Skip the pictures. Return exactly the lines from the one containing "J5 Create JCSD335 USB-C 4K Speakerphone Dock" through the end of the entries below.

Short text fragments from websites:
———
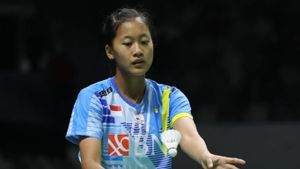 Indonesia Masters 2022: Tak Berdaya di Hadapan He Bingjiao, Putri KW Gagal Susul Gregoria Mariska
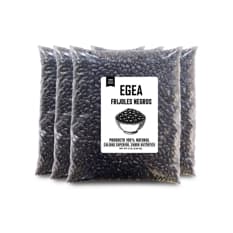 Frijoles negros EGEA (4 x 2.26 kg / 5 lb)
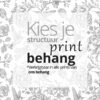 Kies-je-structuur-print-behang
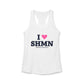 I Heart SHMN Women's Ideal Racerback Tank Top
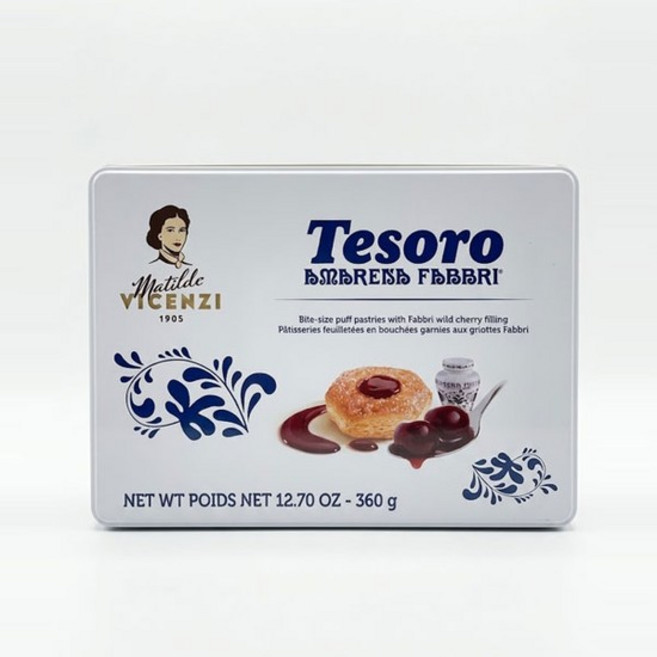 VICENZI 테소로아마레나 쿠키 360g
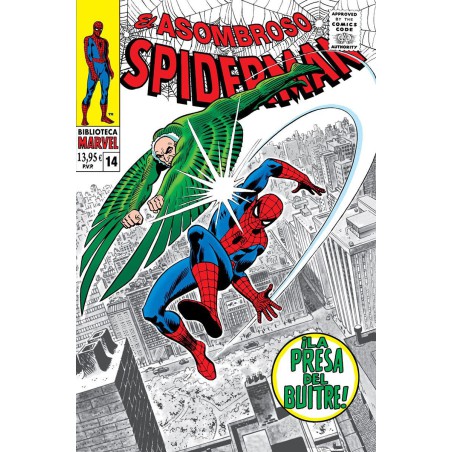 Biblioteca Marvel 102. El Asombroso Spiderman 14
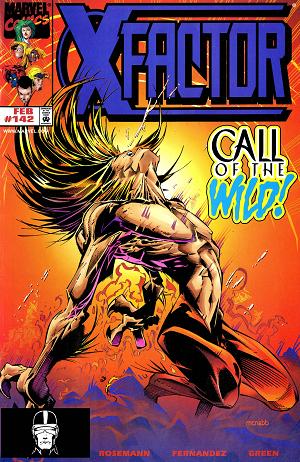 X-Factor #142  cover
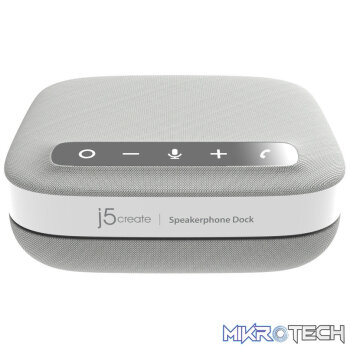 J5 Create JCSD335 USB-C 4K Speakerphone Dock
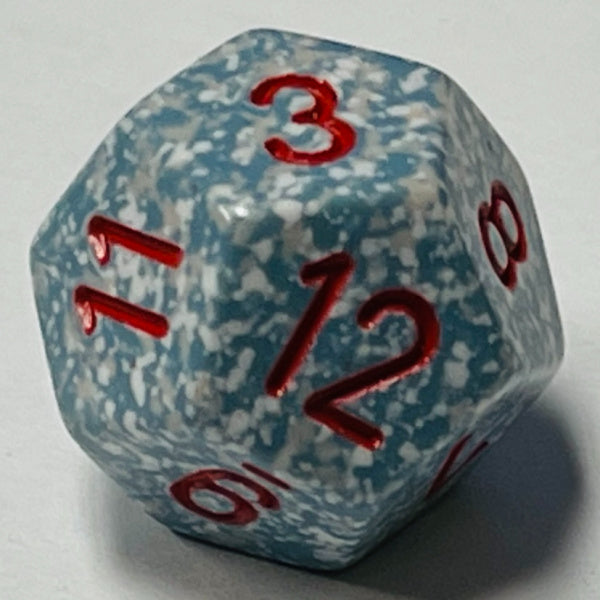 D12 (16mm) Die- Air Speckled (x 5)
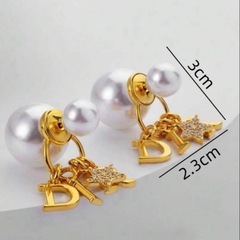 ピアス　パール　新品の画像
———
» **Expected output**
 J5 Create JCSD335 USB-C 4K Speakerphone Dock
 D12 (16mm) Die- Air Speckled (x 5)
 ピアス　パール　新品の画像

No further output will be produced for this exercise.